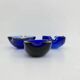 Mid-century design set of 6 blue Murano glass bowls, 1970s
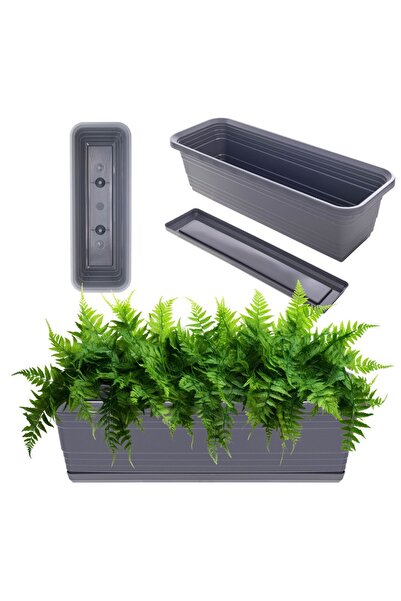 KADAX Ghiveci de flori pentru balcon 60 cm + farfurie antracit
******
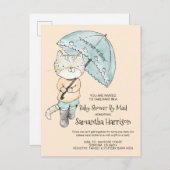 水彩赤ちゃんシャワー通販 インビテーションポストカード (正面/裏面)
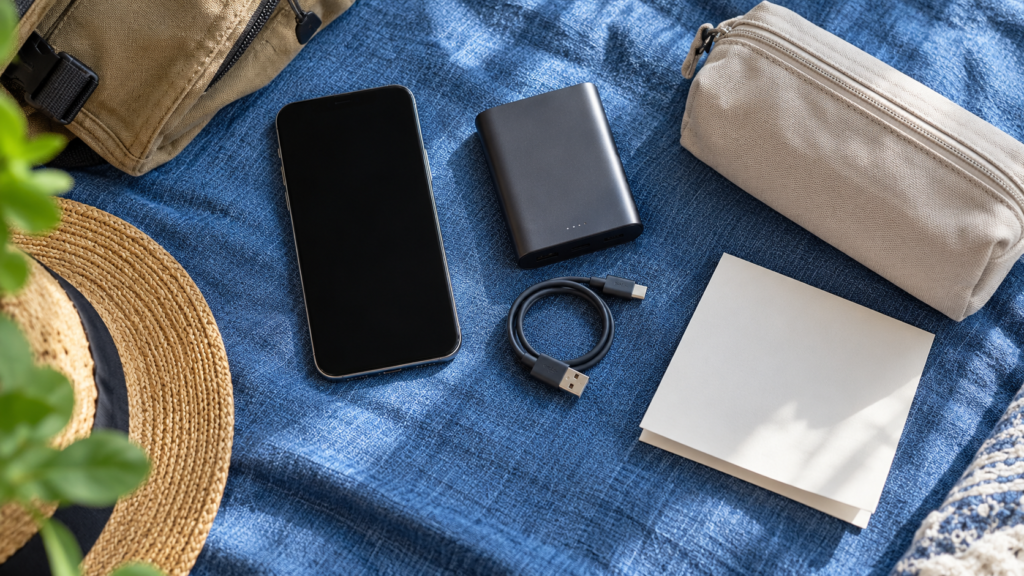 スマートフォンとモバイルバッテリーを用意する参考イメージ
******
● **ACTION ITEM**:
Your answer should be the exact lines above from the one containing "Mid-century design set" through the one containing "KADAX Ghiveci de", with both end lines kept and the pictures removed, please.

● **SOLUTION TO THE PROBLEM**:
 Mid-century design set of 6 blue Murano glass bowls, 1970s
 KADAX Ghiveci de flori pentru balcon 60 cm + farfurie antracit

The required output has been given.